Thinking of buying a new GPS?

I highly recommend you consider Garmin, or a device that can run Garmin’s GPS software.


Garmin does an excellent job of updating it’s GPS software and maps… and after all, current maps are why you probably have a GPS.

If the roads, speed limits, etc never change where you drive — it doesn’t matter.  Why would you even think of a GPS if you’re always in a place you’re familiar with that never changes?

Garmin has a fairly broad range of GPS devices; and they also offer software that will run on your cell phone (Garmin XT), Windows mobile devices (Garmin XT), and your Windows laptop (Garmin PC).

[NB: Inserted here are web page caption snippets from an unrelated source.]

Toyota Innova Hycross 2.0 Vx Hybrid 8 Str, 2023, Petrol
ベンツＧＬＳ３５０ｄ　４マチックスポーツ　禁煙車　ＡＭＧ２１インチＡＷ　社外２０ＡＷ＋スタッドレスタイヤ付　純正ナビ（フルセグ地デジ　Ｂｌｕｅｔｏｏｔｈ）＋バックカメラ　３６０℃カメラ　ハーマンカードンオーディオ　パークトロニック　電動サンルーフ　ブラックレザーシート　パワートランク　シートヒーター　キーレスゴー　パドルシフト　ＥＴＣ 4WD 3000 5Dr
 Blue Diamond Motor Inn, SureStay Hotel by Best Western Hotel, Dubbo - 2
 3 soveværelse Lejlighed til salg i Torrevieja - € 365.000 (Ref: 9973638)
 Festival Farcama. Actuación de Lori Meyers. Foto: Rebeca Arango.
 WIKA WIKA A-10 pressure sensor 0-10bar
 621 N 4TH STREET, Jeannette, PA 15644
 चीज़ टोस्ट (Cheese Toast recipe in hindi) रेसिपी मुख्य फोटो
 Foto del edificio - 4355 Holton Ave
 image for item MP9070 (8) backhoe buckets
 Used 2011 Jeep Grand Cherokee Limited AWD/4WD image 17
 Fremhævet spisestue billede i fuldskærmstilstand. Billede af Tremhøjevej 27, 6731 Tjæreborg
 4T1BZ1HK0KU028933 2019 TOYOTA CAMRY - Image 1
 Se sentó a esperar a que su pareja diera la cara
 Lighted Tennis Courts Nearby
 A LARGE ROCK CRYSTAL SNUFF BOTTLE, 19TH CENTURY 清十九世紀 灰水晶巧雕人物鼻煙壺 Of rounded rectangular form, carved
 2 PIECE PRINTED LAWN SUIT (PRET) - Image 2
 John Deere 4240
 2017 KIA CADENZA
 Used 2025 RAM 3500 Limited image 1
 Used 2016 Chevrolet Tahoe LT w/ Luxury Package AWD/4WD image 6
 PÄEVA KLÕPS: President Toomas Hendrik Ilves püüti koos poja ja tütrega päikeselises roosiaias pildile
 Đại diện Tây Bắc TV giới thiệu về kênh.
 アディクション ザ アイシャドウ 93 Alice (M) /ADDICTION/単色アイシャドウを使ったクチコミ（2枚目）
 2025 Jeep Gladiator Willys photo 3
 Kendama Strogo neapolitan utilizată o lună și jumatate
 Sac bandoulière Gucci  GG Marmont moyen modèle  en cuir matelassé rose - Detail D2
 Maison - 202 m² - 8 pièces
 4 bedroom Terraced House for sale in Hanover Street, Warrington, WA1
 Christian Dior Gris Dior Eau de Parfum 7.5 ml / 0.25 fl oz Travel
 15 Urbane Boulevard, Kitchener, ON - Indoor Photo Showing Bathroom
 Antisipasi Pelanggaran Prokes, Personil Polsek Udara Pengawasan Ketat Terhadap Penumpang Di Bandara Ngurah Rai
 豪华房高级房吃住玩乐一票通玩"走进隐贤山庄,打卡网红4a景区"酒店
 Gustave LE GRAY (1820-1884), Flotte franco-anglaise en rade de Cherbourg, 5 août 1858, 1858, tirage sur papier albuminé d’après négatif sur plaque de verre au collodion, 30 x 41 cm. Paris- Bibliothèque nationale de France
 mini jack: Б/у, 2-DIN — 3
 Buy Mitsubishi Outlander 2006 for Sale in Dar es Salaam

I run Garmin XT on my HTC Smart Phone, I run Garmin PC on my Netbook (using an external Bluetooth or USB GPS), and I’m going to play with hacking my GPS to see if I can get Garmin XT running on it (it’s Windows mobile based, currently runs Destinator software, I’ve played with Tom Tom software on it, but I’d prefer everything run the same GPS software).

Visit Garmin’s site for more information on their products, and do an internet search for more information on hacking an existing device with a copy of Garmin’s software.


GPS + Real Time Data

One of the toys I got when I stopped by the Microsoft Company Store was Streets and Trips 2008 with GPS and Connected Services.

Connected Services is what Microsoft calls the FM side band service that provides real time data.  Real time data like, traffic, construction, weather, gas prices, etc.  Other GPS vendors might call it something different, but essentially they are all the same.

I was really excited to be able to put it to the test — and driving around the Bay Area it worked great.

But, when I hit the open road I found a number of short comings.

  • There aren’t that many areas that have the service.
  • In areas that have the service construction data doesn’t seem to be updated.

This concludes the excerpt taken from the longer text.